---Advertisement---

EPR Laws in the United States 2026

Published On: November 13, 2025
---Advertisement---

What Does EPR Stand For?

If you’ve been hearing the term “EPR” thrown around lately and wondering what it means, you’re not alone. Extended Producer Responsibility, or EPR, is basically a new way of thinking about who should pay for dealing with trash and recycling. Instead of you and me footing the bill through our taxes while our local governments struggle to manage mountains of packaging waste, the companies making all that stuff are now being asked to step up and take responsibility.

Think of it this way: if a company sells you a product wrapped in layers of plastic and cardboard, shouldn’t they help pay for what happens to that packaging after you’re done with it? That’s the heart of EPR.

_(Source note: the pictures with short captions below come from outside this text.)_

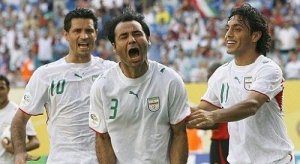 مروری بر عملکرد تیم ملی ایران در جام جهانی 2006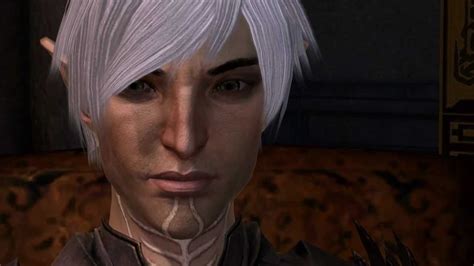 Dragon Age 2: Fenris Romance #4: Midstage Friendship (Female Hawke version) - YouTube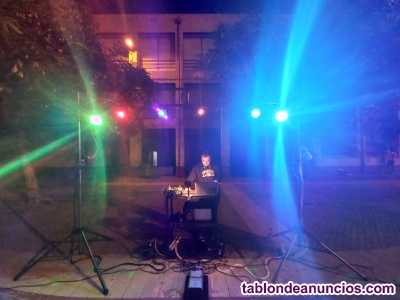 Discom�vil y karaoke para fiestas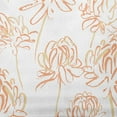 thumbnail image 5 of Simply Daisy Blossom Bouquet Outdoor Pillow, Blue/White, 20 in x 20 in, 5 of 5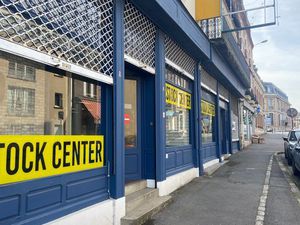 ? à vendre – fonds de commerce – centre-ville de péronne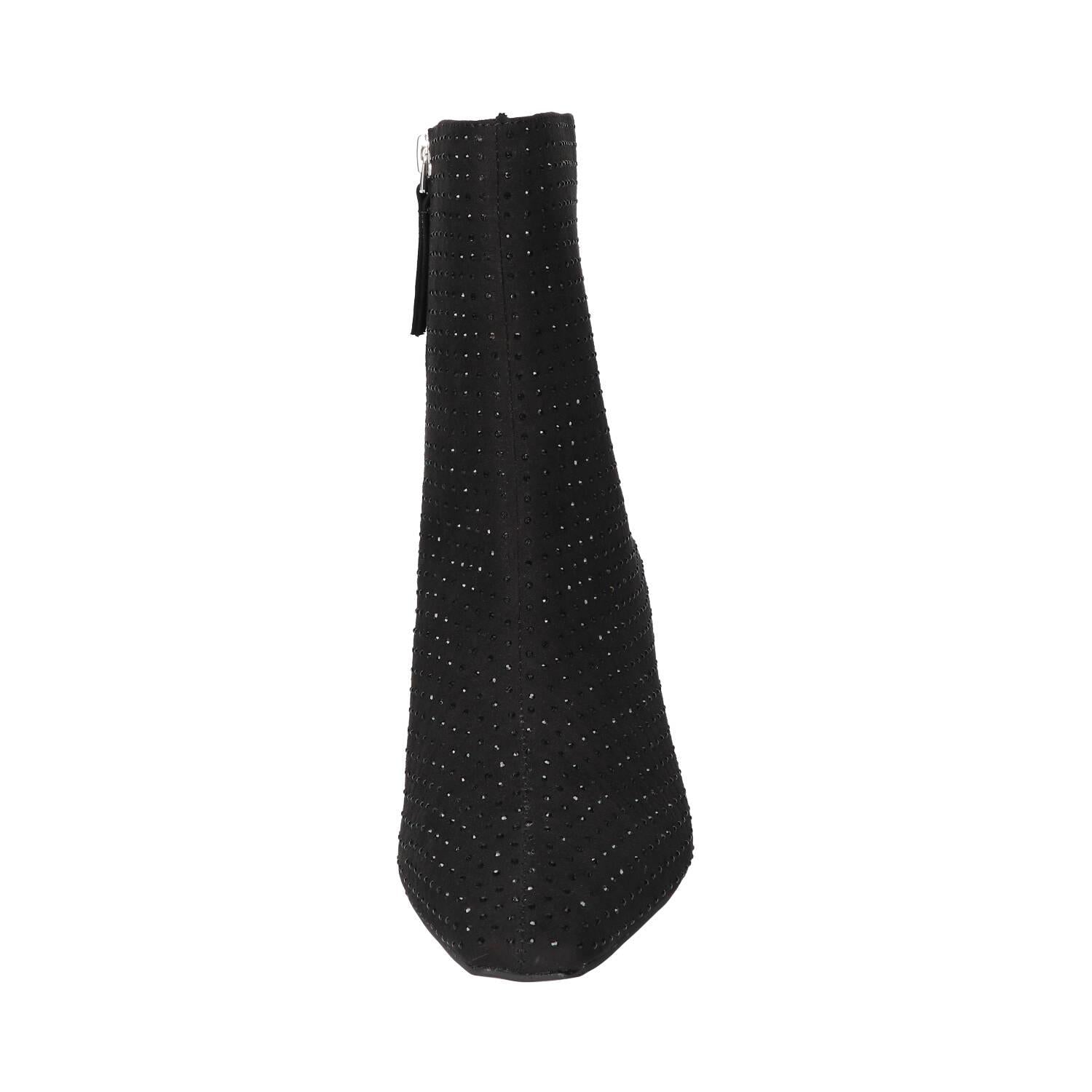 Booties, Zwart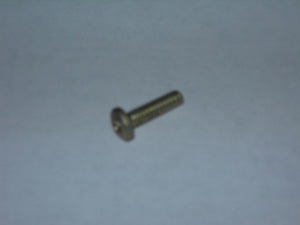 Screw, Machine - Non Structural - Pan Head - 8-32D - 3/4" OL - Coarse Threads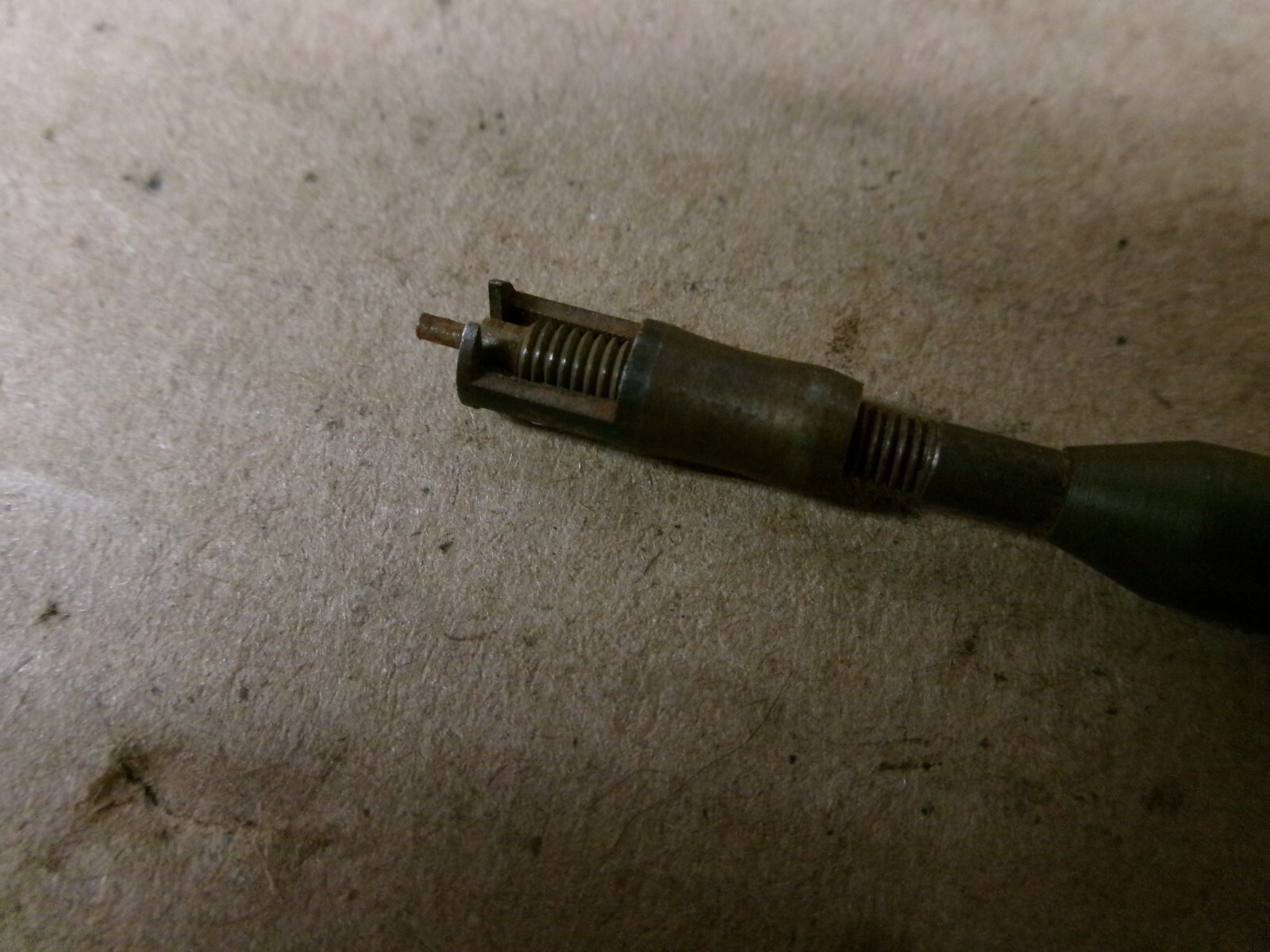 Vintage unbranded Watchmakers Puller tool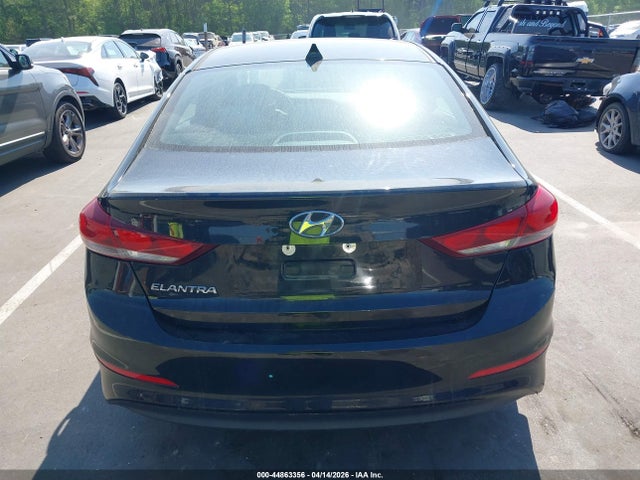 Aukcja sprzedaży 2018 Hyundai Elantra Sel, vin: 5NPD84LF1JH263152, numer aukcji: 44863356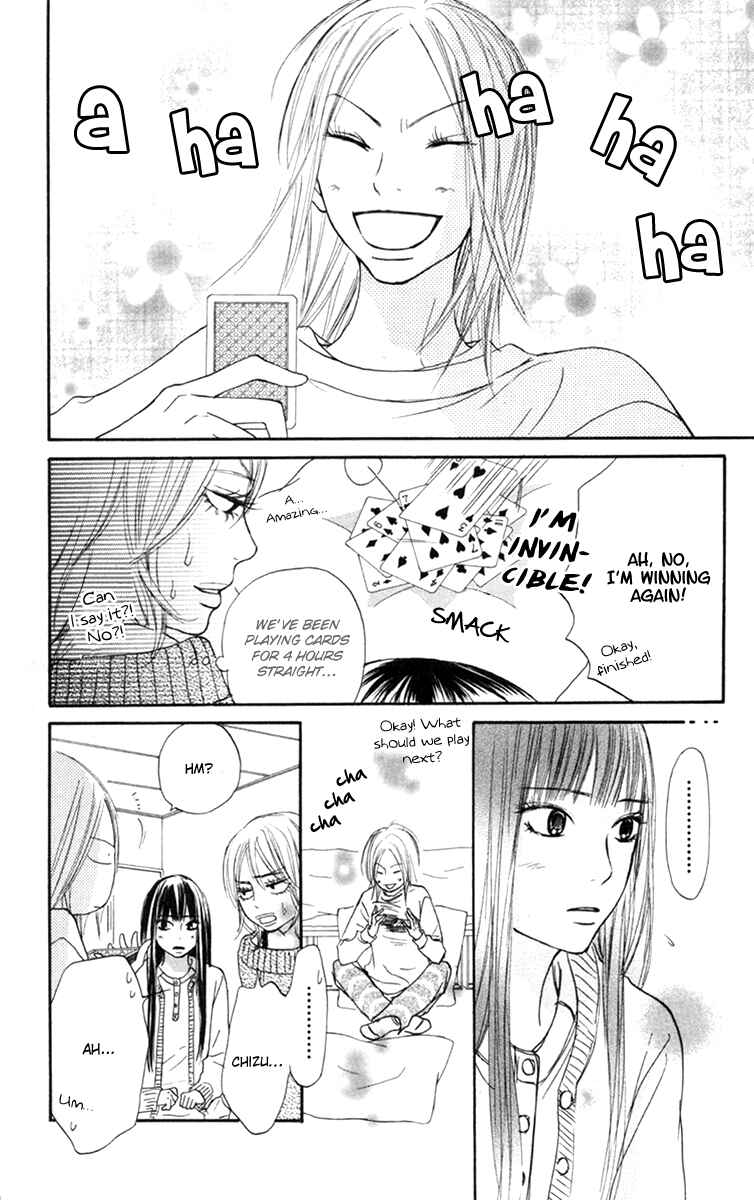 Page 21 Chapter 21 Kimi ni Todoke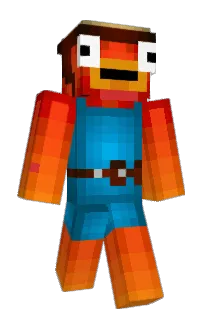 OLPI's Minecraft skin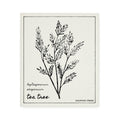 Swedish Dishcloth - Tea Tree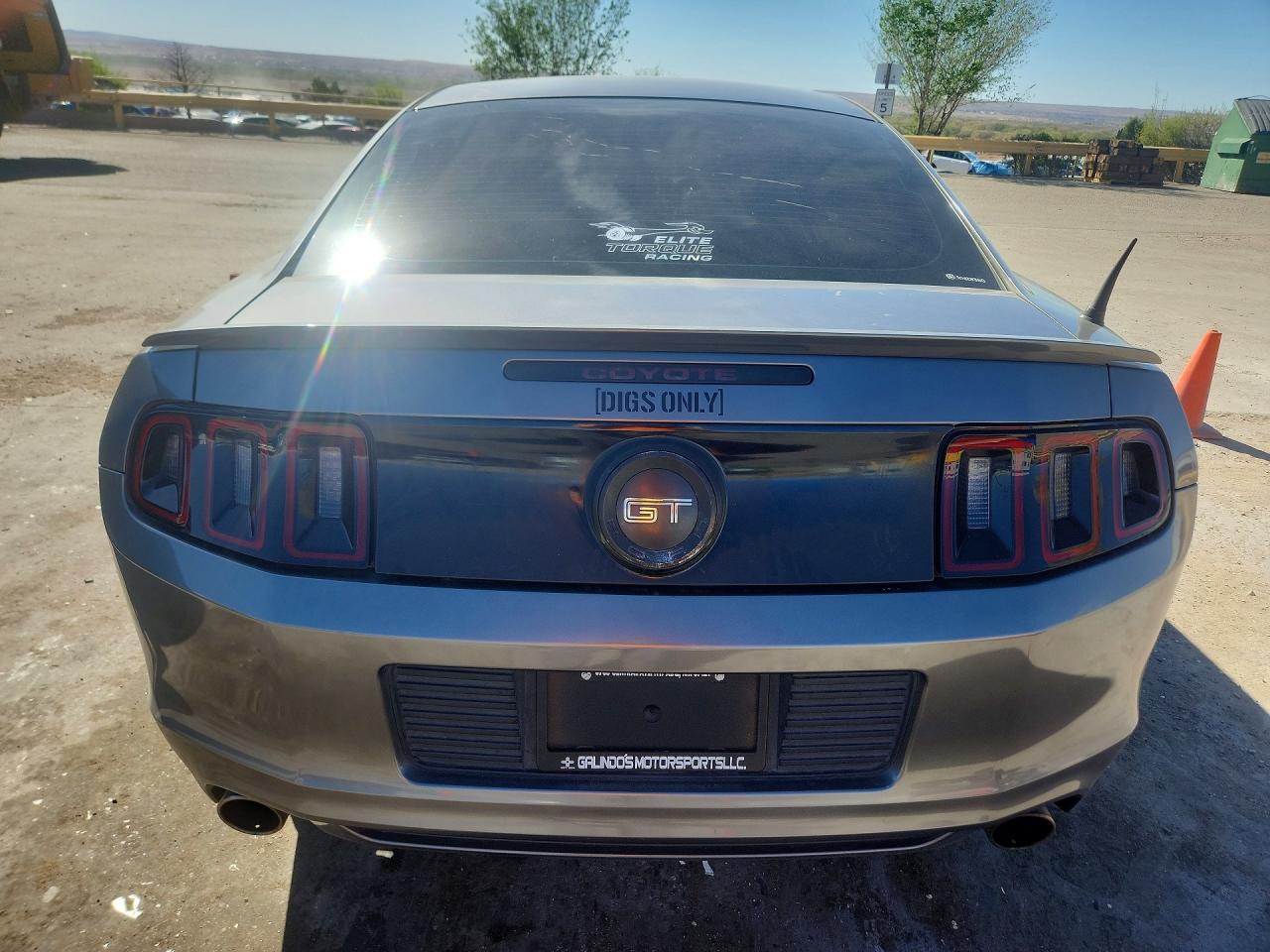 Ford Mustang Gt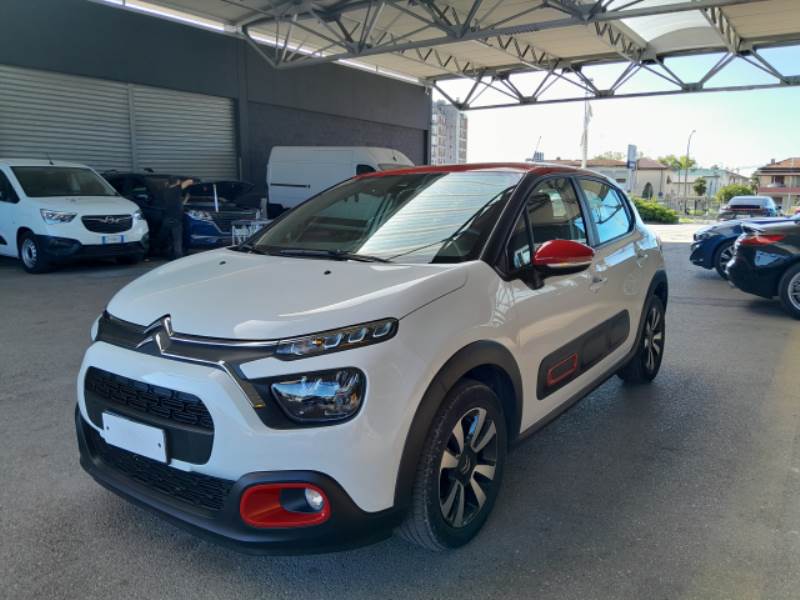 CITROEN C3 / 2020 / 5P / BERLINA PURETECH 83 SeS SHINE NEO PATENTATI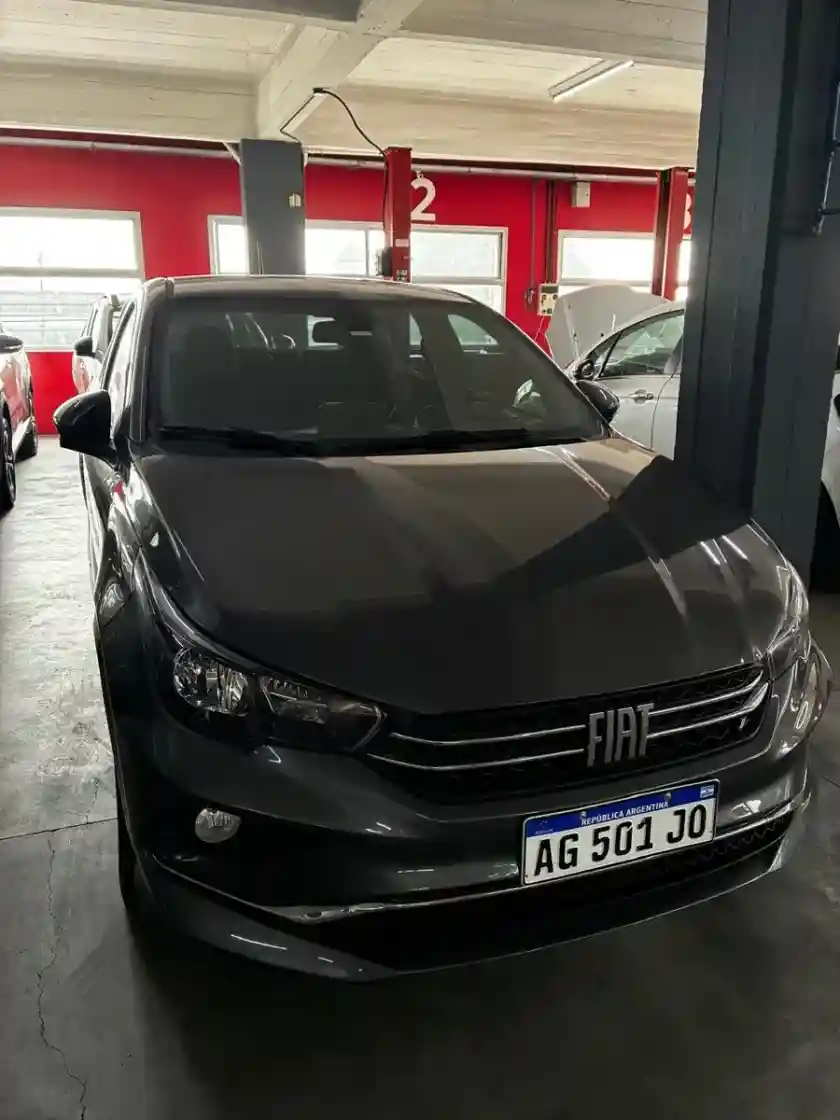 Fiat Cronos 1.3 Gse Precision Cvt 2024 - foto 2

Does the US Have EPR Laws?

Yes, the United States has implemented EPR laws, though they vary significantly by state. As of 2025, seven states have enacted comprehensive EPR packaging laws: Maine, Oregon, Colorado, California, Minnesota, Maryland, and Washington. These programs represent a fundamental shift in how America handles waste management.

Before packaging EPR laws emerged, the US already had EPR programs for specific products like batteries, paint, electronics, and mattresses. The packaging EPR movement gained momentum when Maine became the first state to pass packaging EPR legislation in 2021, followed by Oregon that same year.

Is Extended Producer Responsibility Mandatory?

EPR is mandatory in states that have enacted these laws, but requirements vary. Producers must either join a Producer Responsibility Organization (PRO) or submit an individual compliance plan. Currently, the Circular Action Alliance (CAA) is the primary approved PRO operating across multiple states.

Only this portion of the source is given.